The new account openings are high to an extent that there four week average hasn’t seen the levels that are prevailing now, since April 2011, according to Dawson. Moreover, the bull is already out of the cage as Shanghai Composite Index (SHCOMP) gained as much as 14% in just November.
Dawson also revealed other underlying reasons as to why Morgan Stanley (NYSE:MS)’s emerging markets head expects that there is money to be made in China.
“[…] He believes in China’s soft landing. He is forecasting what he calls the Ultra-Bull rally. The stocks may double in 18 months, so stick with that. Also low returns for alternative investments, for example property, transition in China to a growth model i.e. domestic consumption. He favors new economy areas like healthcare, technology, financials […],” said Dawson.

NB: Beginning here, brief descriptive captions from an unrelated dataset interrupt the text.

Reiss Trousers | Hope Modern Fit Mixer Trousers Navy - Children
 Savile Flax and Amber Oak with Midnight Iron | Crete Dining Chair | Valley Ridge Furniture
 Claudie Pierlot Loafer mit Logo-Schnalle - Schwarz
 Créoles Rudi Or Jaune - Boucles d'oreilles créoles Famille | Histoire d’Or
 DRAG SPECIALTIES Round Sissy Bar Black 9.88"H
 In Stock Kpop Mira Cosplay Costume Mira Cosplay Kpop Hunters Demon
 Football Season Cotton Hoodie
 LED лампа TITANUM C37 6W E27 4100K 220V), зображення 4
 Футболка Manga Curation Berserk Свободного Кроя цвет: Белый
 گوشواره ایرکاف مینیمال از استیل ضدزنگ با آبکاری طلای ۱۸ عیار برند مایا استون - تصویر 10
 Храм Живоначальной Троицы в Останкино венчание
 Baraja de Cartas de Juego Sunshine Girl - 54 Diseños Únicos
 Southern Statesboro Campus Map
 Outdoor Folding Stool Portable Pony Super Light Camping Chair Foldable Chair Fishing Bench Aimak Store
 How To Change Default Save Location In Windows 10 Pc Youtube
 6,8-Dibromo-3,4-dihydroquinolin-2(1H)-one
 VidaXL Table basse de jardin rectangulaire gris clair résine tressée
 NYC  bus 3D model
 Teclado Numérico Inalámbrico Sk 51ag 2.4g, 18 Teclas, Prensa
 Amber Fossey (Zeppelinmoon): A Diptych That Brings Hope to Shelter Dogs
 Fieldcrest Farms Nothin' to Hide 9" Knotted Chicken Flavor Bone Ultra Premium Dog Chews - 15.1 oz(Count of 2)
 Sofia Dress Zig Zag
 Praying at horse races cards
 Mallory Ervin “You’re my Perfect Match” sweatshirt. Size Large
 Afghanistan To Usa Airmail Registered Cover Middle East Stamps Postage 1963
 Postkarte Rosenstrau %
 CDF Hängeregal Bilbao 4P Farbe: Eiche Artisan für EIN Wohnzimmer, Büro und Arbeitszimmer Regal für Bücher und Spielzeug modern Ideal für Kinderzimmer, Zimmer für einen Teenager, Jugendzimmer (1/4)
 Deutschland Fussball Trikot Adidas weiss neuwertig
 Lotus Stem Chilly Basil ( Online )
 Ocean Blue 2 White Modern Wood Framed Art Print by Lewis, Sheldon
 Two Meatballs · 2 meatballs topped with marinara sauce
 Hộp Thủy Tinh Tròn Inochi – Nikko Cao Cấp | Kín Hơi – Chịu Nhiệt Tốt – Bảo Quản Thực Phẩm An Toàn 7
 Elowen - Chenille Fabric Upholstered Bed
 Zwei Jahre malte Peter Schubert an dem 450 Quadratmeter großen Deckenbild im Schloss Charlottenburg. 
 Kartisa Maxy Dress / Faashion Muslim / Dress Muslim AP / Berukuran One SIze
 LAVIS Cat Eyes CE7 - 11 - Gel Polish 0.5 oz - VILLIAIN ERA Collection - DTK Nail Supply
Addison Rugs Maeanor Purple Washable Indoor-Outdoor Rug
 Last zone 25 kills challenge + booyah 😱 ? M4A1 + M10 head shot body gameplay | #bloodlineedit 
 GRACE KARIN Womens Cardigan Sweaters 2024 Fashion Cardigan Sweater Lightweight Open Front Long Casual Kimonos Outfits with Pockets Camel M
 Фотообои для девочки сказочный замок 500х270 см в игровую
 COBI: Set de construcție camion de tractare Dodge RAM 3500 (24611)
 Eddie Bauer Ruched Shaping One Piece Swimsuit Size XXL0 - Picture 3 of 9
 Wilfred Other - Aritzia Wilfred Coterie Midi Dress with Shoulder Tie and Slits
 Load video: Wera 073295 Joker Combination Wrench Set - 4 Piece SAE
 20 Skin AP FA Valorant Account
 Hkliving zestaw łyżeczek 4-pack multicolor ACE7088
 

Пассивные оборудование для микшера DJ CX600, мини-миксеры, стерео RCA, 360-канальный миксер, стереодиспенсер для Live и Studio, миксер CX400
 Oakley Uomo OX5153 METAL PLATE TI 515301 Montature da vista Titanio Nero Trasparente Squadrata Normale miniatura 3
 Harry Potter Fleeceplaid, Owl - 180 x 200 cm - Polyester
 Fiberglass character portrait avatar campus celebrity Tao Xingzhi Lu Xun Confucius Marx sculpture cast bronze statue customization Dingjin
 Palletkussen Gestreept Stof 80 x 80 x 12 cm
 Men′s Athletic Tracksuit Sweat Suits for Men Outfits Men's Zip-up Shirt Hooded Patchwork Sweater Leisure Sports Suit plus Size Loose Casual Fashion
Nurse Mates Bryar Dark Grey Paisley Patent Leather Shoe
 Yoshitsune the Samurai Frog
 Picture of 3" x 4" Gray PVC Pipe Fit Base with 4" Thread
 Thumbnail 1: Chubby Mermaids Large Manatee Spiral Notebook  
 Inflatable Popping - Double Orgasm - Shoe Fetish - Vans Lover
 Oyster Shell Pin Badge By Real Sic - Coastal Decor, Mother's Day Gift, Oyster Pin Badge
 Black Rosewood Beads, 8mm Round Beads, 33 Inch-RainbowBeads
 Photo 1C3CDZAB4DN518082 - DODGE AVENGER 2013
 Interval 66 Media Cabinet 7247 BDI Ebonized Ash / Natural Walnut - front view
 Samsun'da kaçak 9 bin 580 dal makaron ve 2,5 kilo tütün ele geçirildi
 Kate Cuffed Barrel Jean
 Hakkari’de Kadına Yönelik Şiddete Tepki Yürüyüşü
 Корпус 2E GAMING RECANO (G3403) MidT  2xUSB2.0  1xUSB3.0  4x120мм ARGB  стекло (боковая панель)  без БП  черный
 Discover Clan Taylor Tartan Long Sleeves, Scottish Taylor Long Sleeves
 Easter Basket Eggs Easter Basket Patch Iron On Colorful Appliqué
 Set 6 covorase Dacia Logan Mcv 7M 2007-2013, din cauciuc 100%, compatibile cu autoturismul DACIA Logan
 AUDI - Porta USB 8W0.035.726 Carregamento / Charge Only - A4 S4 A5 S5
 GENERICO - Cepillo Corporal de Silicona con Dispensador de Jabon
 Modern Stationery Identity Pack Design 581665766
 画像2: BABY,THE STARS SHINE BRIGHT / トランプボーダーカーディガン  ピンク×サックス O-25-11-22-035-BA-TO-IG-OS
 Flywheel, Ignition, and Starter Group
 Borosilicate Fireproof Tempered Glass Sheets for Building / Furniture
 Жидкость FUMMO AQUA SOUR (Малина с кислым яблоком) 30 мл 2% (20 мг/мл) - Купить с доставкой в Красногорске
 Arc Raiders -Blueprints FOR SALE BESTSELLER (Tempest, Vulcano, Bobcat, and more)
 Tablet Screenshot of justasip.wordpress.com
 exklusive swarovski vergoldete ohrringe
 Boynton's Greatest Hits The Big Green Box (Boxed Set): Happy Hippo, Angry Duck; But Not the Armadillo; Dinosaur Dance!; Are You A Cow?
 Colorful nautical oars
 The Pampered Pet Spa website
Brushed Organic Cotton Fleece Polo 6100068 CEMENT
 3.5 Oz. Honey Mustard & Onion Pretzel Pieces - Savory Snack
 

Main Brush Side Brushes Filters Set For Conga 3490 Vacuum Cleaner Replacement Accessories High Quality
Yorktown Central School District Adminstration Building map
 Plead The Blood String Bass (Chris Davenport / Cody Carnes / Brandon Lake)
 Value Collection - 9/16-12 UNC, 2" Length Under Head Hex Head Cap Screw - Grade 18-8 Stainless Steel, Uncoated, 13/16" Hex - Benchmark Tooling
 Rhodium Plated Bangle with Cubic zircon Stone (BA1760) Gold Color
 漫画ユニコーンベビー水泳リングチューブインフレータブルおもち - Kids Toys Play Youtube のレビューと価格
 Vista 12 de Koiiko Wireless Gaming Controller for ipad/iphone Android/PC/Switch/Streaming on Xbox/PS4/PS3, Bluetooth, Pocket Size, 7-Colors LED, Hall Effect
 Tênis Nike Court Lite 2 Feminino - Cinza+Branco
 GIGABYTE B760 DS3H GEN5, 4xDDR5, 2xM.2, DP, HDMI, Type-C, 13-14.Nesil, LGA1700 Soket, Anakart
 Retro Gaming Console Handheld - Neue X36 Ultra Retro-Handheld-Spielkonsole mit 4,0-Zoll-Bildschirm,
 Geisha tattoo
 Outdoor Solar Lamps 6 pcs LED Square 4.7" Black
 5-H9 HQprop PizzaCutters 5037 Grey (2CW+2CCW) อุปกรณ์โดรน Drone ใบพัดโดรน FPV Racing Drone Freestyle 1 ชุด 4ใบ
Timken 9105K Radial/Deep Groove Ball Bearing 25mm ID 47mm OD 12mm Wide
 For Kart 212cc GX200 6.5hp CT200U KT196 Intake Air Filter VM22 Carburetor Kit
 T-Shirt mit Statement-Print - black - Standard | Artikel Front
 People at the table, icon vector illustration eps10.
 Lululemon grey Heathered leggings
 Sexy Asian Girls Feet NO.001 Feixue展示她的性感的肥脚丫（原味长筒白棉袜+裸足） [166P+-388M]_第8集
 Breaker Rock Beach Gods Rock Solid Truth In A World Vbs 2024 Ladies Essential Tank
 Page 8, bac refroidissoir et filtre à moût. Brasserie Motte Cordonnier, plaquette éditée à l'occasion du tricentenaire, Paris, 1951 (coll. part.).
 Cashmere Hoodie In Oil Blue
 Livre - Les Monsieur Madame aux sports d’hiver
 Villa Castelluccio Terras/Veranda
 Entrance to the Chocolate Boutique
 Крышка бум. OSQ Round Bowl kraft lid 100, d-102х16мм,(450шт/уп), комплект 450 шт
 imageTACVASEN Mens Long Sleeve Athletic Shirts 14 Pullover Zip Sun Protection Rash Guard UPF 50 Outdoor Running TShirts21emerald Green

The change in growth model that is being mentioned here is China shifting its focus from export led growth to more organic growth in which the local population fills the gap from the shortfall of exports by consuming more.
Moreover, other numbers which point out to a continuation of this rally include the still low valuations that the market is receiving. According to Dawson the Shanghai Composite Index is still trading at 1.7 times the assets, which is a 17% discount to the World Index.